I am converting an extremely large and very old (25 years!) program from C to C++.

In it there are many (very very many) places where I access a global one dimensional UBYTE array using a variety of integer indexes. Occasionally this index may be negative.

I sometimes, but not always, trapped this case and made sure nothing went wrong, but as a belt and braces measure I actually went to the trouble of making sure that there was another chunk of memory immediately preceding the array and filled it with the right values such that if I accidentally omitted to trap the negative number condition then a correct answer would still be fetched in the array access. This actually worked fine for many many years.

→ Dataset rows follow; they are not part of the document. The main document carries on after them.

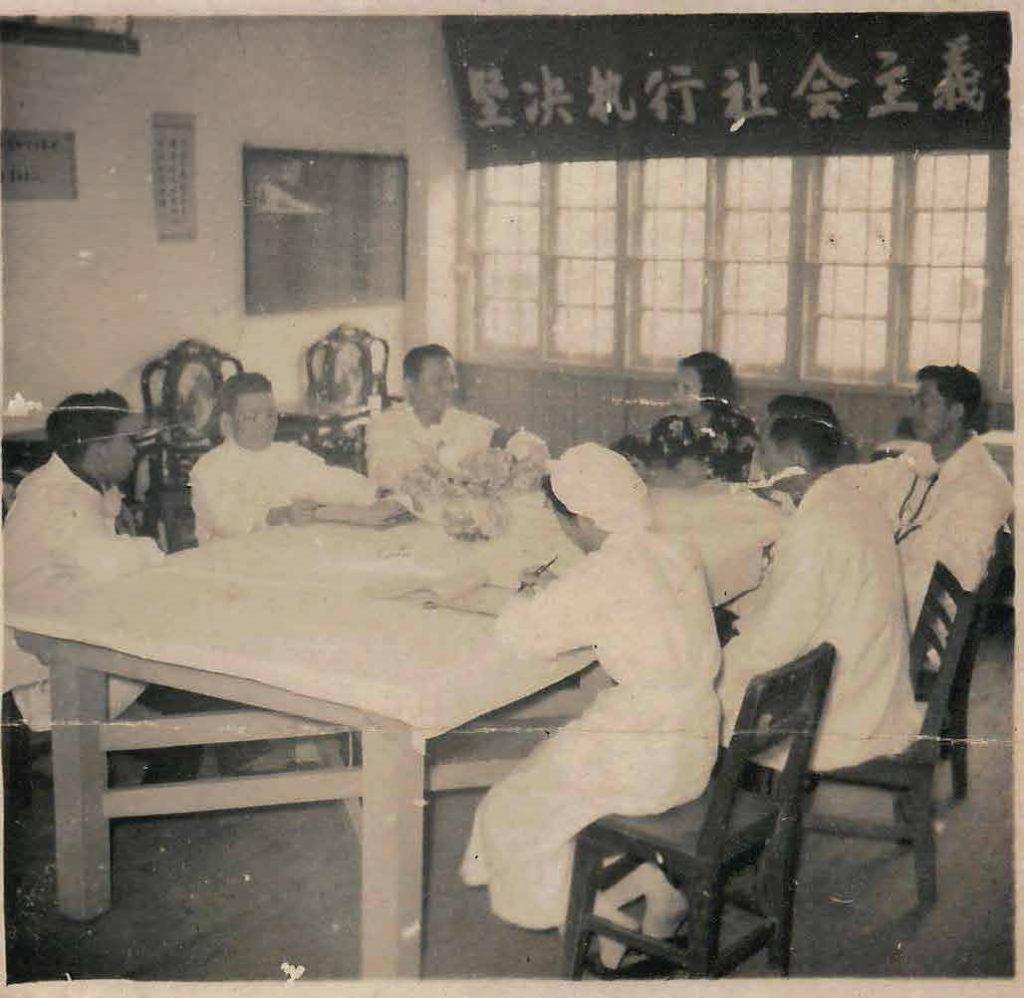 Eroeffnung des Krankenhaus in Guangzhou Wu Shaoquan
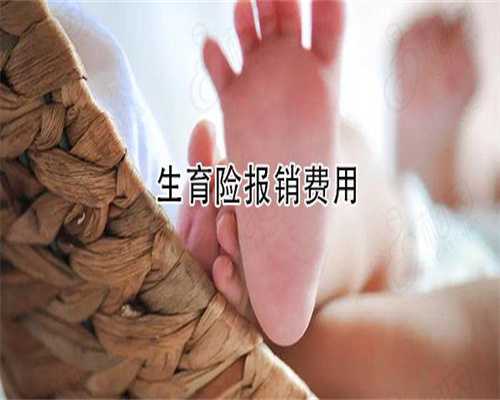 镇江供卵公立医院-镇江供卵公司排名榜前十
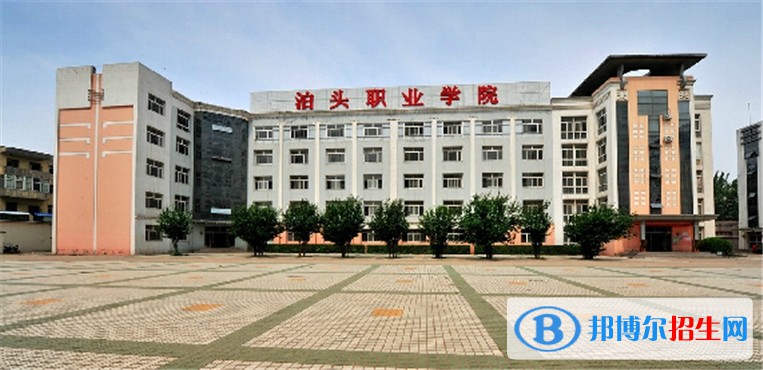 河北2022年有哪些有航空服務(wù)學(xué)校的大專(zhuān)院校
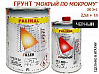 грунт 3+1 черный "мокрый по мокрому" с отвердителем 993MS PALINAL (2,5л+1л)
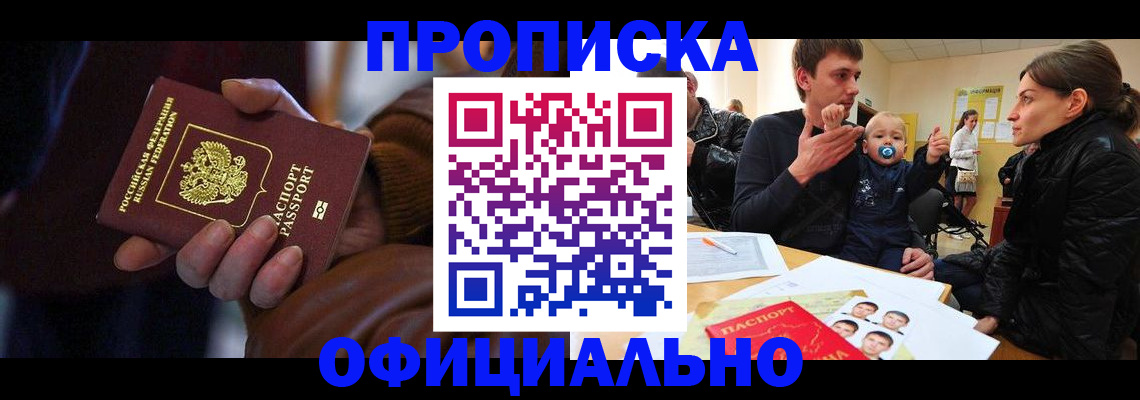 временная регистрация 2025 в Пласте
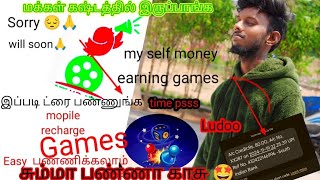 MY V3 AdS  sorry 😞🙏 I will soon update but my tips self money 🤑 earning games app review [upl. by Lissak]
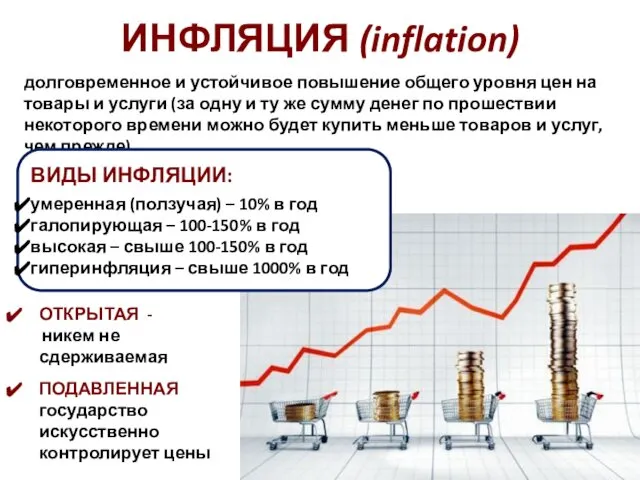 Можно ли для повышения пенсий и зарплат напечатать много денег? ИНФЛЯЦИЯ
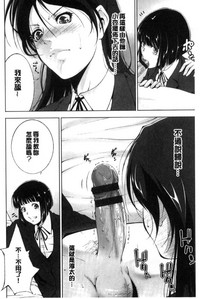 第108頁圖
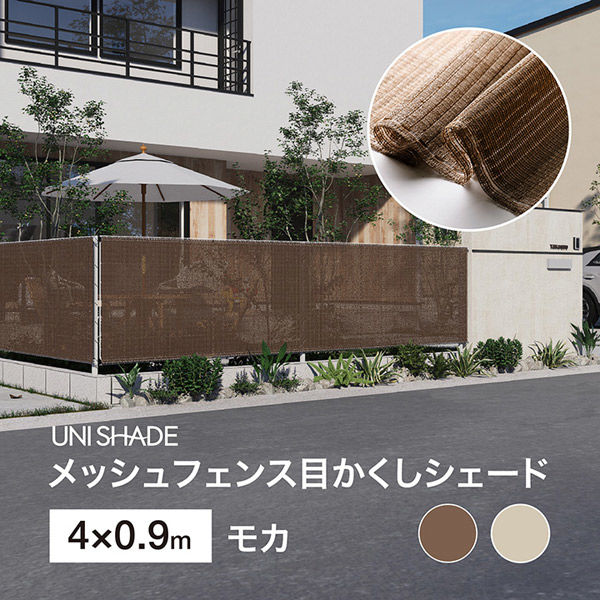 タカショー 日本製 メッシュフェンス目かくしシェード UNI-49M 1
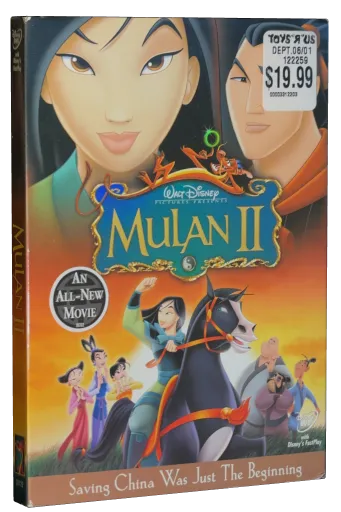 Mulan II DVD, Buena Vista Home Entertainment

But now under C++ it seems that accessing an array with a negative number behaves differently and now I have a program behaving badly. I fixed one case of an unhandled negative number and the program appears to be working fine, but I am nervous that I have not trapped all the negative numbers and there may be problems ahead.

So my question now is, is there a way, at runtime, for me to detect any instances of accessing arrays with negative indexes? I'll be impressed if anyone can come up with an answer. If you're pretty certain it can not be done in any automated way then telling me that is valuable information too.

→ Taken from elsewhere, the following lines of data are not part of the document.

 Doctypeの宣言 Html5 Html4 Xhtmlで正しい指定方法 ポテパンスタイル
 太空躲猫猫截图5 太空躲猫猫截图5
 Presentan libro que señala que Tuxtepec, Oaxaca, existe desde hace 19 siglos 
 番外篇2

I should just add that I'm not really a C++ programmer (yet). So far all I've done is the absolute bare minimum (almost nothing) to get the program to compile under a C++ compiler. So if your answer involves fancy "experts only, C++ solutions", then please try and explain in words of one syllable or give me a link so I can look it up.

+2  A: 

the only way i can think of would be to wrap the array in a method that checks the index is positive.

wefwfwefwe
+4  A: 

Some kind of memory usage checker might work, particularly if you can force the array to its own page. I'd use valgrind on Linux, not sure what you'd use on Windows - purify?

Douglas Leeder
I would normally be the first to promote valgrind for something like this, but recently we had exactly this problem and it failed to find it. I do not know the internals of valgrind but my impression is that only reliably catches heap issues.
Richard Corden
+25  A: 

Can you replace the global one-dimensional ubyte array with an object with overloaded operator[]? Using the absolute value of the int input might solve some of your issues.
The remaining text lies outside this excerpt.